WHAT THE EXERCISE ASKS
All that is needed is the line containing "Curvy mom jeans" and the lines after it to the end of the material, written out exactly, pictures left aside.

SOURCE DATA
'''

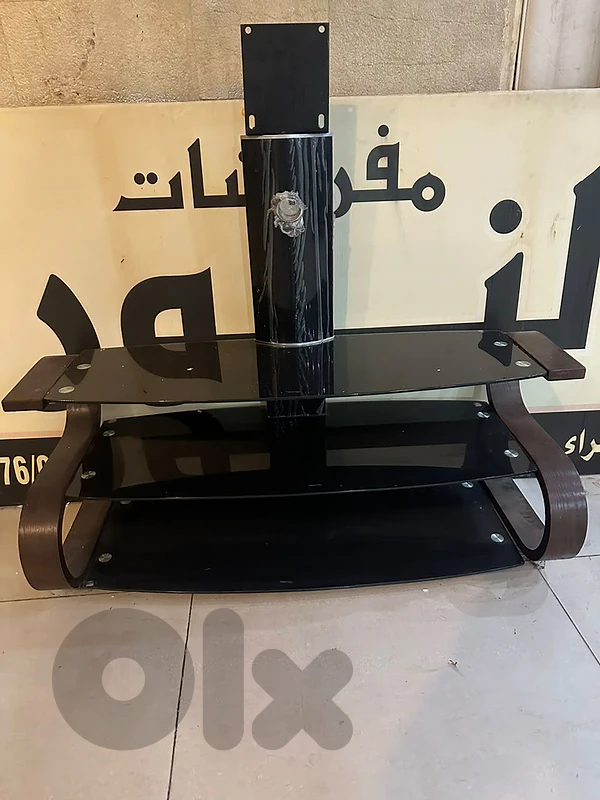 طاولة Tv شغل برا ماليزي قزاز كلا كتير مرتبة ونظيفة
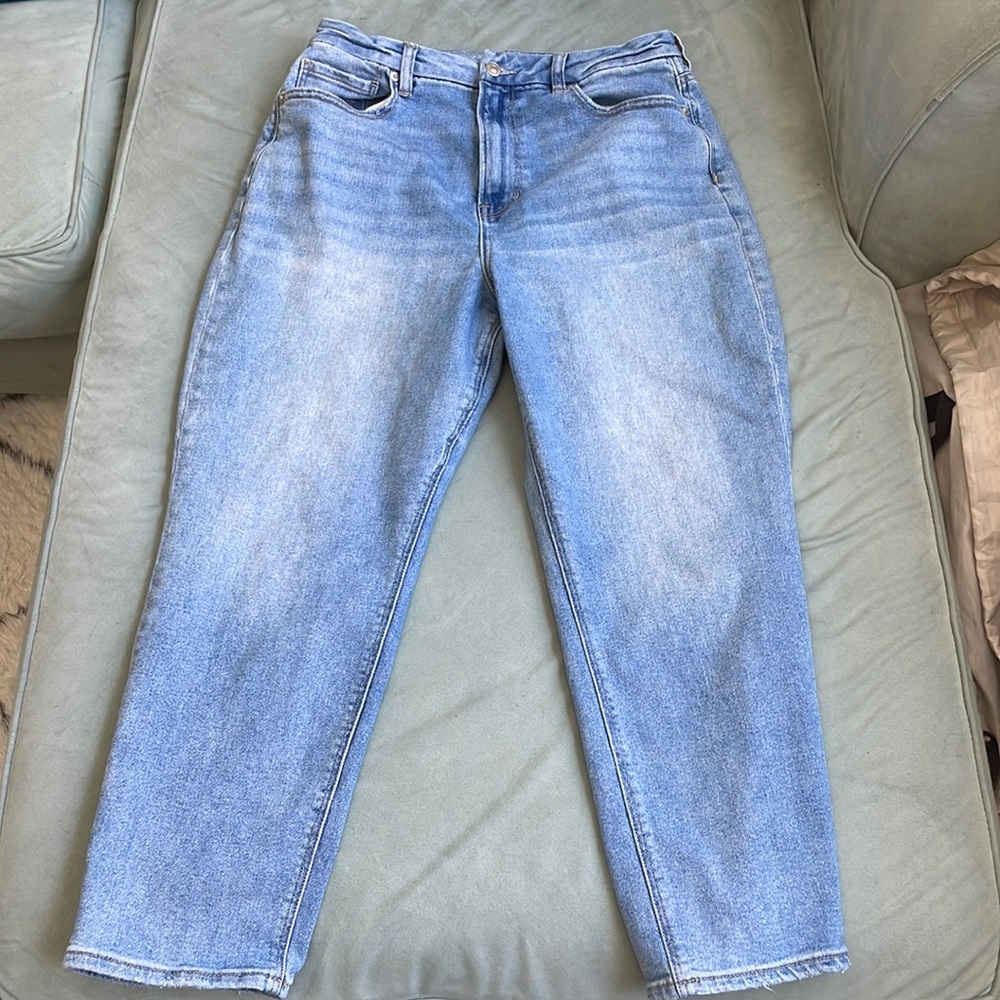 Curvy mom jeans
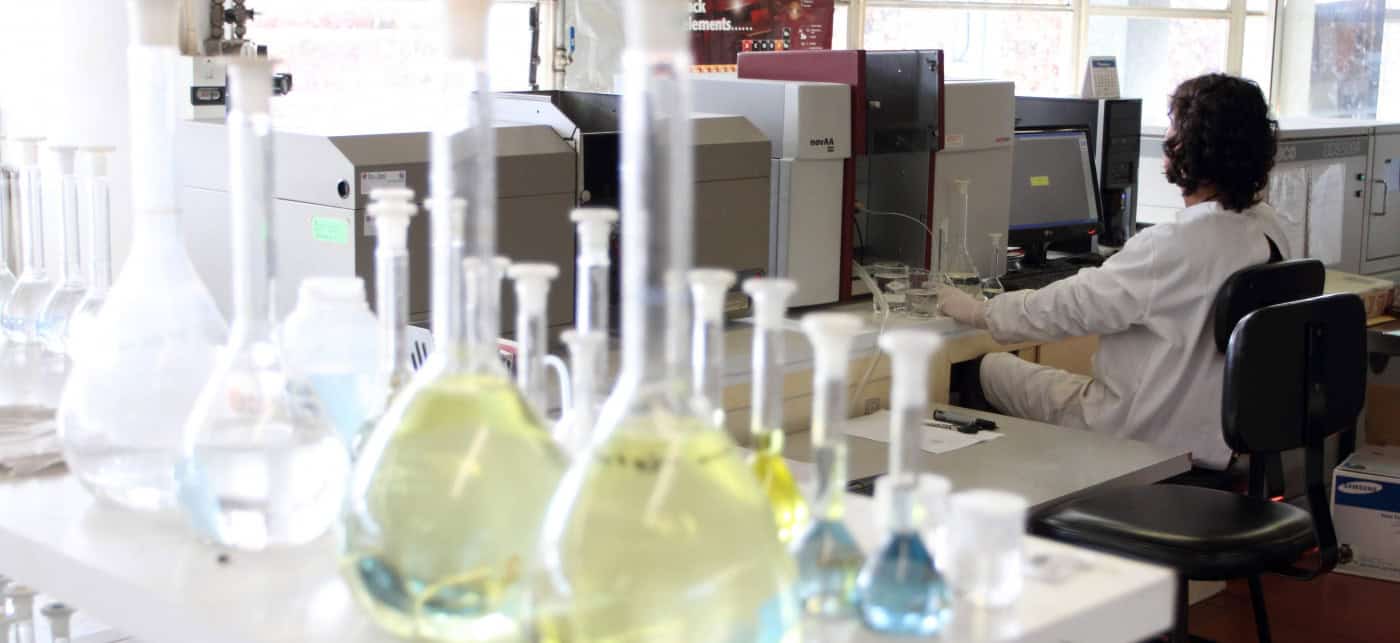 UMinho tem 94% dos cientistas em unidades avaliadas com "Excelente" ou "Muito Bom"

'''

SOLVED PROBLEM
 Curvy mom jeans
 UMinho tem 94% dos cientistas em unidades avaliadas com "Excelente" ou "Muito Bom"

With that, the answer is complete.